I tend to think of 'struct's as 'passive', and compile-time annotations would provide me with every use case I can imagine for my own purposes in the case of structs. classes seem far more likely to need stateful attributes.


March 18, 2012
On 3/17/2012 2:55 PM, Manu wrote:
> I tend to think of 'struct's as 'passive', and compile-time annotations would
> provide me with every use case I can imagine for my own purposes in the case of
> structs. classes seem far more likely to need stateful attributes.

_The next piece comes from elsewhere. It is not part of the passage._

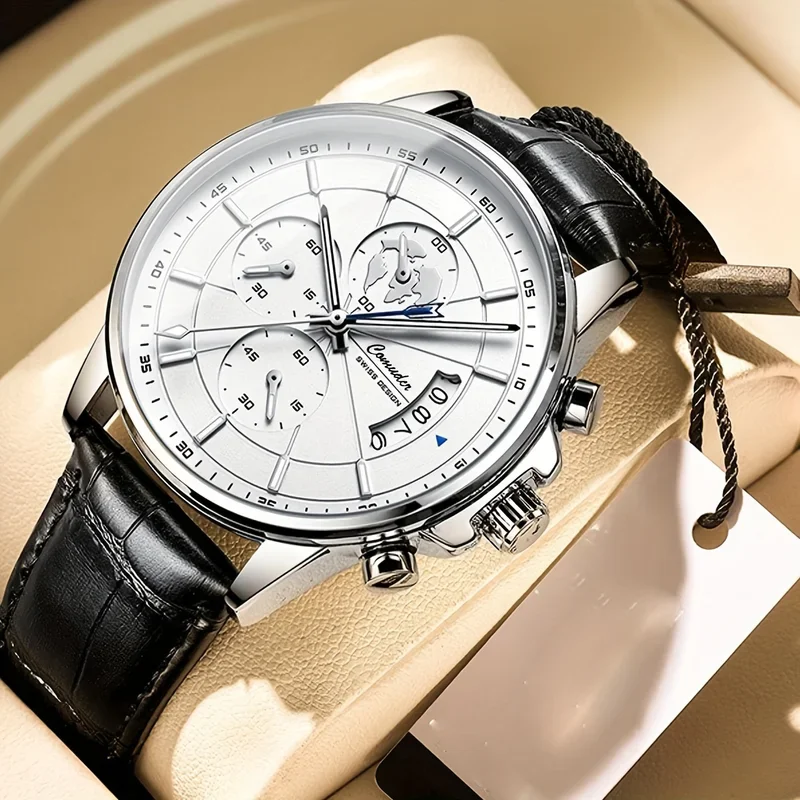 New ultra-thin men's watch calendar luminous fashion high-end temperament quartz watch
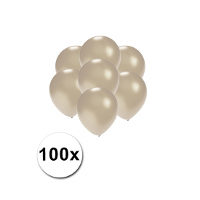 Party ballonnen   klein formaat   zilver   100x   13 cm   feestartikelen/versiering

I currently find the notion of runtime attribute state to be fraught with all kinds of unresolved and murky issues with no obvious answer:

1. construction/destruction
2. shared
3. const/immutable
4. thread locality
5. allocated statically or dynamically
6. shared library issues?

If the attribute is code, when does that code get run?

1. on initialization
2. on termination
3. on read
4. on write
5. what about read/write?
March 18, 2012
On 18 March 2012 03:10, Walter Bright <newshound2@digitalmars.com> wrote:

> On 3/17/2012 2:55 PM, Manu wrote:
>
>> I tend to think of 'struct's as 'passive', and compile-time annotations
>> would
>> provide me with every use case I can imagine for my own purposes in the
>> case of
>> structs. classes seem far more likely to need stateful attributes.
>>
>
> I currently find the notion of runtime attribute state to be fraught with all kinds of unresolved and murky issues with no obvious answer:
>
> 1. construction/destruction
>

After initialisation, before construction.

2. shared
>

How is this any different than for the class its self?

3. const/immutable
>

Inherit these properties.

4. thread locality
>

Same as class.

5. allocated statically or dynamically
>

I'd say dynamically if restricted to classes, but some suggested the syntax '@attribute struct/class MyAttribute { }', which could clarify the intent.

6. shared library issues?
>

If extern(D), then there should be no problems. If extern(C), then the
attributes would just appear like structure members. Assuming the layout
was documented (ie, in-order of appearance, at the end of the class), C/C++
could include them at the end of the class definition, and access them
directly as if usual classes. All that would be lost is the implicit
(compile time) association between the attribute and its associated class
member.
I don't think it's fair to expect a novel language feature to be supported
by C/C++ though.


If the attribute is code, when does that code get run?
>
> 1. on initialization
> 2. on termination
> 3. on read
> 4. on write
> 5. what about read/write?
>

I might go and read up on C# more thoroughly and get back to you... maybe
others here are already more familiar with C#'s attribute management?
I'm sure C# already answers all these questions. It has precisely the same
set of issues associated.


March 18, 2012
On 3/17/2012 6:39 PM, Manu wrote:
> I'm sure C# already answers all these questions. It has precisely the same set
> of issues associated.

C# doesn't have RAII, immutable, nor the notion of threadlocal/shared types.